Si vous tombez un jour, porte de Bagnolet, à Paris, sur une fille blonde qui jongle à un feu rouge, casquette vissée sur le crâne et piercings à l’oreille, c’est elle : Amélie, d’ATD Quart Monde.

 » L’entrée est gratuite, mais si ça vous a plu, la sortie est payante ! « , a coutume de lancer Amélie aux passants et aux conducteurs à l’arrêt qui la regardent jongler.

Joueuse et malicieuse, elle fait tourner en l’air son diabolo avec des mimiques de clown. Sérieuse et décidée, elle vous explique qu’elle est venue à ATD Quart Monde  » pour découvrir la misère dans mon propre pays  » après des années passées à l’étranger à jongler et à faire des rencontres dans la rue.

Présence

Depuis le 1er octobre dernier, Amélie est  » volontaire en découverte  » à ATD Quart Monde. Une année pour connaître le Mouvement avant de s’engager. Mais pour elle, c’est déjà plié :  » Je suis rentrée du Mexique après deux ans et demi pour rejoindre ATD Quart Monde, le lendemain de mon arrivée, j’étais à Montreuil. Je m’y vois pour la vie, même si c’est avec des pauses. »

Sa rencontre avec le Mouvement remonte à 2010. Elle retrouve un ami qu’elle avait connu alors qu’ils étaient tous deux volontaires européens – elle en Serbie, lui dans la Macédoine voisine.
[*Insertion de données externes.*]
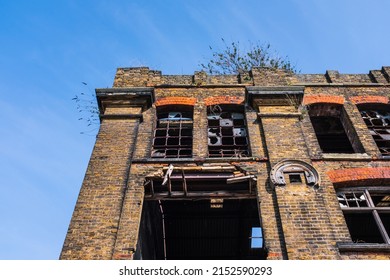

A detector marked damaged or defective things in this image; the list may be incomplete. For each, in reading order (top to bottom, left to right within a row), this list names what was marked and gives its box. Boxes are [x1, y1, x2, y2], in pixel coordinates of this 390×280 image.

broken window [152, 105, 193, 158]
broken window [207, 104, 250, 158]
broken window [308, 103, 360, 153]
broken window [358, 104, 390, 156]
broken window [336, 187, 390, 244]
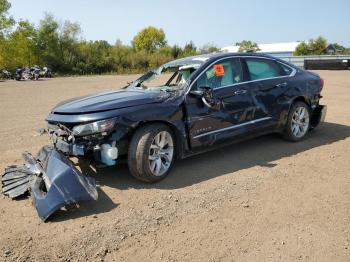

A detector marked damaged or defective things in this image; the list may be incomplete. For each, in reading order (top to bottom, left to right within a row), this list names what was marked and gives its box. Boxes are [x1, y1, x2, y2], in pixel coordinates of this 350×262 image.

broken headlight [72, 117, 116, 136]
crumpled hood [51, 89, 170, 113]
damaged sedan [1, 52, 326, 220]
detached front bumper [1, 145, 98, 221]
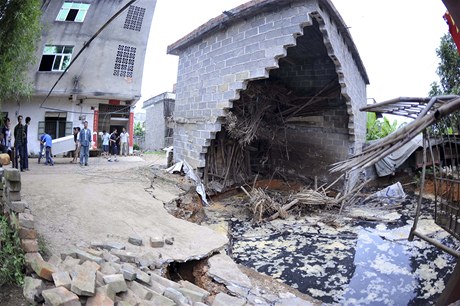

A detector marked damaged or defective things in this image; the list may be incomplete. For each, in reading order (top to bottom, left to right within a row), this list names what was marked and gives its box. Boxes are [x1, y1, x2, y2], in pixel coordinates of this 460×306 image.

damaged roof [167, 0, 368, 83]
Il est désormais  » volontaire en découverte  » en Belgique:  » Il faisait de la présence dans les quartiers, il ne préparait rien, rencontrait les habitants, écrivait ce qu’il avait appris d’eux. J’ai trouvé ça génial ! J’ai su que j’y serai.  »

Bosse

A 30 ans, Amélie a déjà pas mal roulé sa bosse. Née à Thionville (Moselle), elle a grandi non loin, à Gandrange, célèbre pour la lutte, perdue, des ouvriers pour sauver leur aciérie en 2008. Son père est cheminot. Sa mère est  » frontalière  » – elle travaille au Luxembourg comme secrétaire dans une société. Tous deux partagent une passion : la moto.
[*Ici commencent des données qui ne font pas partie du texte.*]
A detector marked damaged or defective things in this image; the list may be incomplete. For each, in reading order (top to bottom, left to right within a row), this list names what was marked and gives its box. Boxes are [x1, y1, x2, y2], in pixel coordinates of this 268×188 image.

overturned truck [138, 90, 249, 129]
Comme tous les membres des familles des cheminots, Amélie profite de billets de train gratuits. Dès 15 ans, elle voyage seule.  » Un jour, dans un trajet avec des correspondances, mon père m’a regardé faire. Il a vu que je me débrouillais et m’a dit : tu n’as plus besoin de nous.  »

Comme elle s’ennuie à Grandrange, elle multiplie les aller-retour à Paris, cherche les meilleurs prix pour Londres, etc.

Caravane

A 18 ans, bac en poche, Amélie part à Nancy en fac d’économie. Mais le voyage lui manque. Grâce au programme universitaire Erasmus, elle va vivre un an à Stockholm, en Suède.
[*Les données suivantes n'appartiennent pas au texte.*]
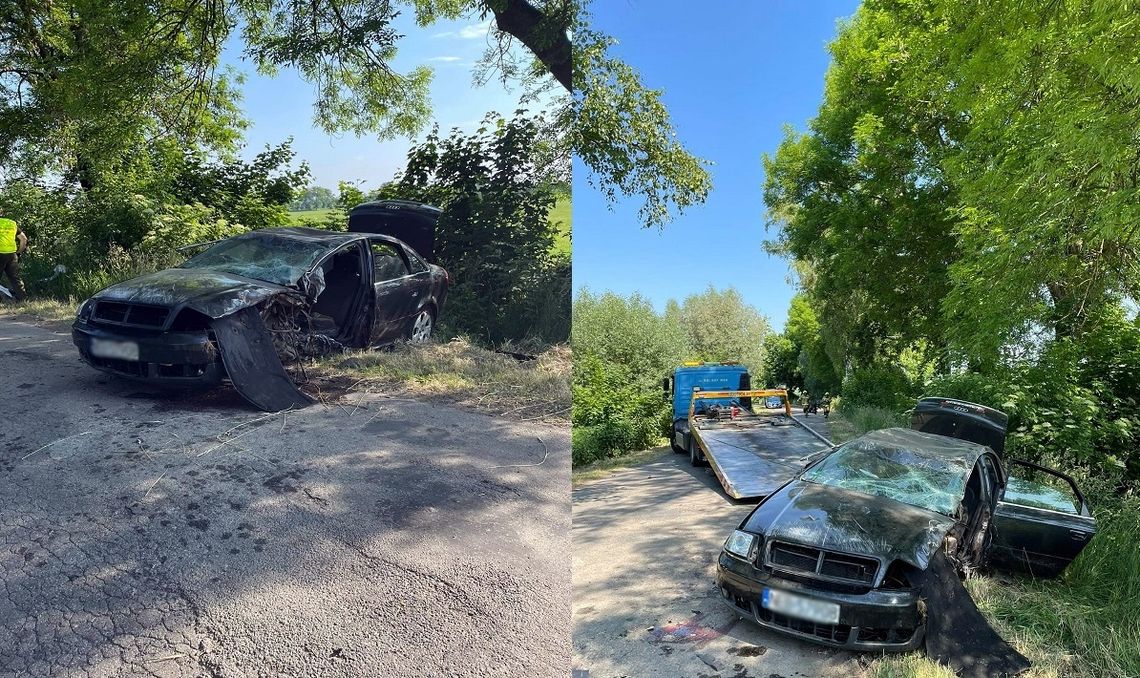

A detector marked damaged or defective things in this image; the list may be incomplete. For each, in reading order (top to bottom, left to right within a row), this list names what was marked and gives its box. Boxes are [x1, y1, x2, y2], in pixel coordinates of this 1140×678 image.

Puis après sa licence, elle prend une année de césure en Serbie. Avec trois autres volontaires européens, ils créent une association de promotion de la culture et du volontariat. Et ils organisent une caravane itinérante de jonglage à travers les Balkans.  » C’est là que j’ai commencé à jongler – diabolo, massues… »

De retour en France, elle fait un Master  » Ingénierie de projets de coopération  » à la fac de Lille. Mais elle sait qu’elle ne travaillera pas dans une institution. Sa passion, ce sont les arts de la rue.  » Une façon de faire accéder les gens à la culture. »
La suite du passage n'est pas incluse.